Locally seeded embeddings, and Ramsey numbers of bipartite graphs with sublinear bandwidth

A seminal result of Lee asserts that the Ramsey number of any bipartite $d$-degenerate graph $H$ satisfies $\log r(H) = \log n + O(d)$. In particular, this bound applies to every bipartite graph of maximal degree $Δ$. It remains a compelling challenge to identify conditions that guarantee that an $n$-vertex graph $H$ has Ramsey number linear in $n$, independently of $Δ$. Our contribution is a characterization of bipartite graphs with linear-size Ramsey numbers in terms of graph bandwidth, a notion of local connectivity.
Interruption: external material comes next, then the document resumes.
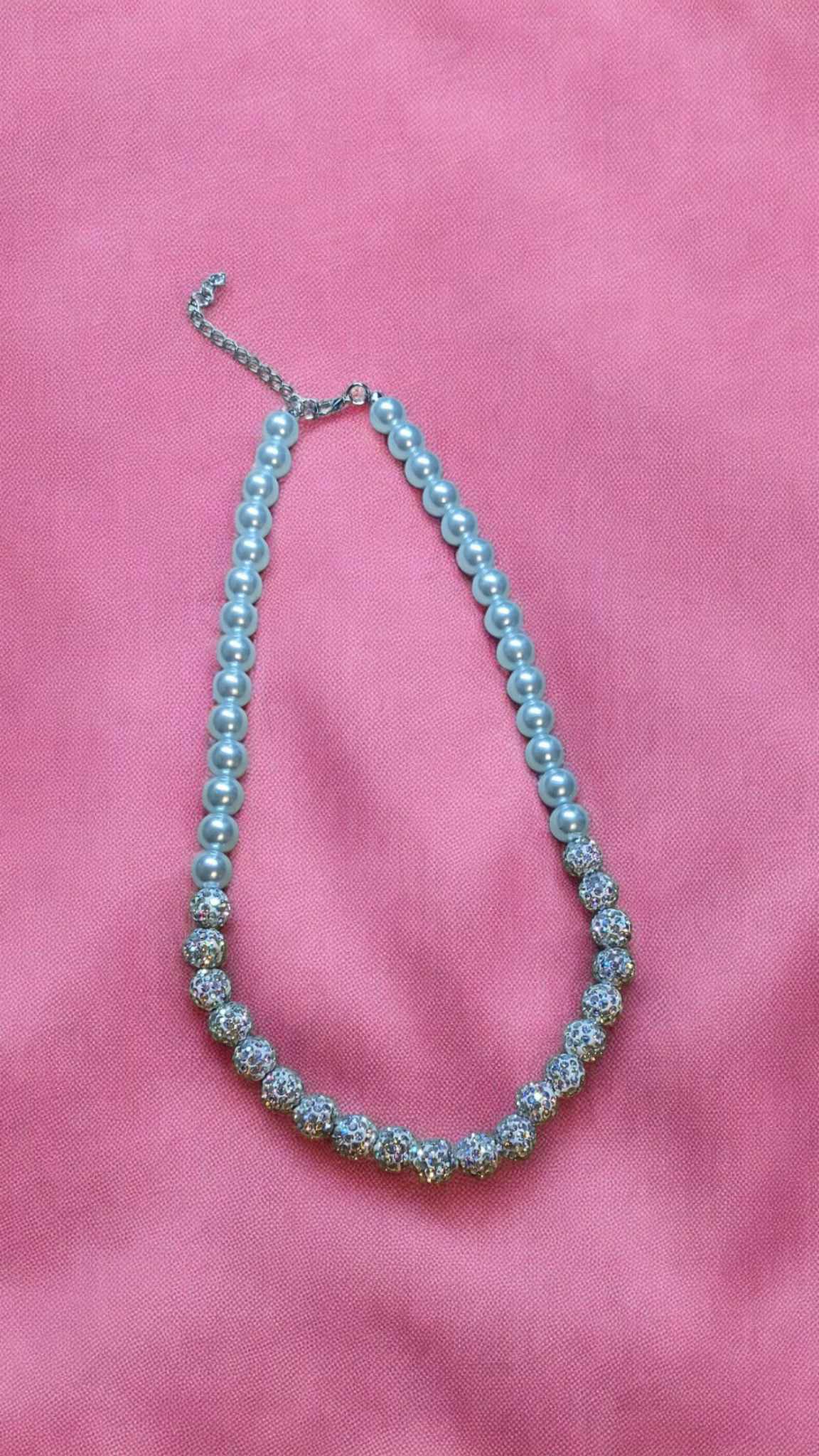 Blue Pearl & Iridescent Bling Necklace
We prove that for any $n$-vertex bipartite graph $H$ with maximal degree at most $Δ$ and bandwidth $b(H)$ at most $\exp(-CΔ\logΔ)\,n$, we have $\log r(H) = \log n + O(1)$. This characterization is nearly optimal: for every $Δ$ there exists an $n$-vertex bipartite graph $H$ of degree at most $Δ$ and $b(H) \leq \exp(-cΔ)\,n$, such that $\log r(H) = \log n + Ω(Δ)$. We also provide bounds interpolating between these two bandwidth regimes.